COLLECTED DATA
• • •
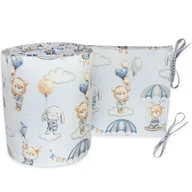 Ochraniacze do łóżeczka - OCHRANIACZ 180x30 DO ŁÓŻECZKA 120x60 SUPER JAKOŚĆ! - miniaturka - grafika 1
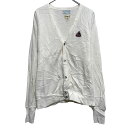 【中古】【古着】 IZOD コットンニット セーター L ホワイト カーディガン アイゾッド ボタン 古着卸 アメリカ仕入 a611-8043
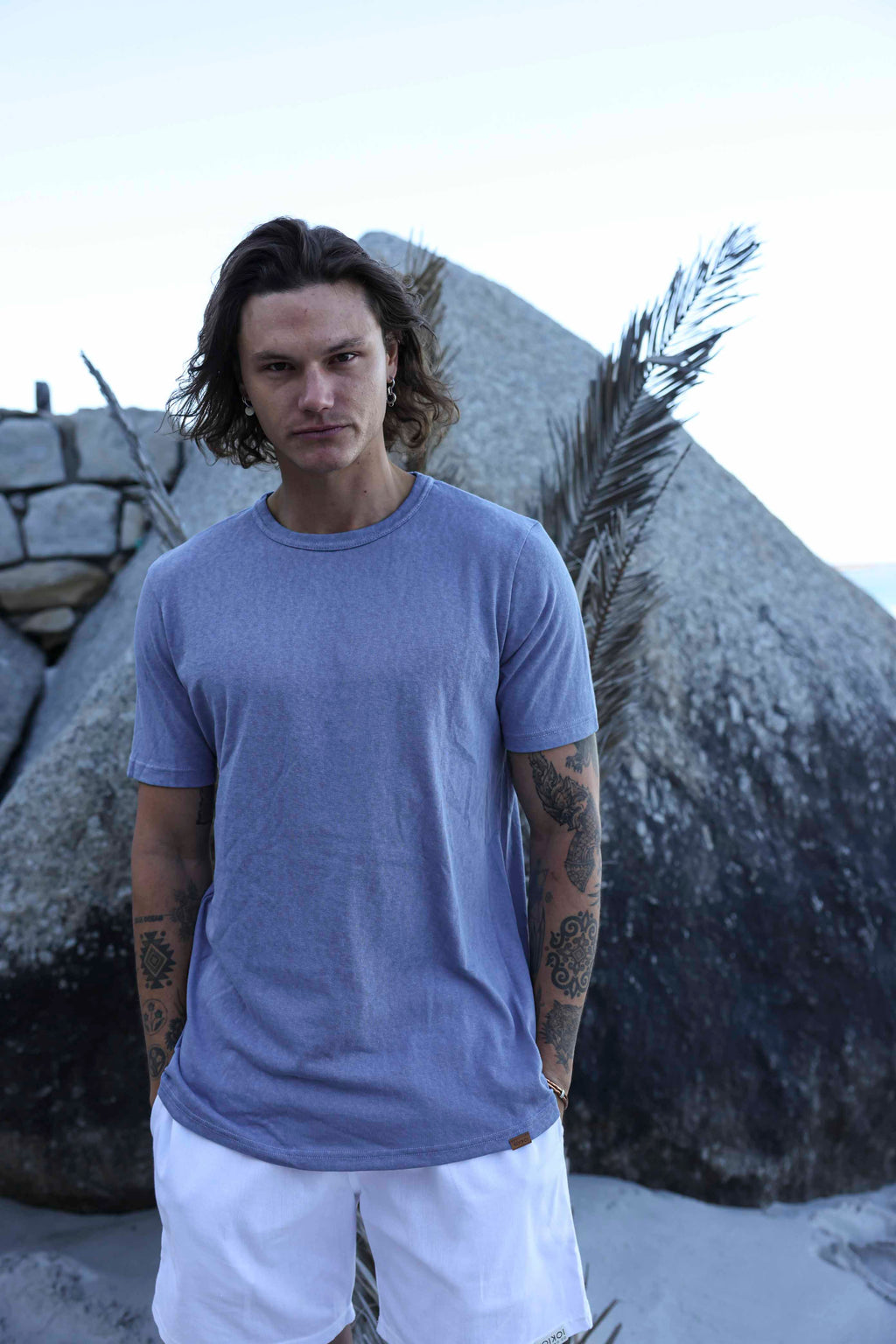 Cool Touch Cotton T-Shirt - Denim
• • •
PROBLEM STATEMENT
Your copy should run from the line that has "古着卸 アメリカ仕入 a611-8043" through the last line above, exactly, with both ends in and pictures out.

EXERCISE ANSWER
 【中古】【古着】 IZOD コットンニット セーター L ホワイト カーディガン アイゾッド ボタン 古着卸 アメリカ仕入 a611-8043
 Cool Touch Cotton T-Shirt - Denim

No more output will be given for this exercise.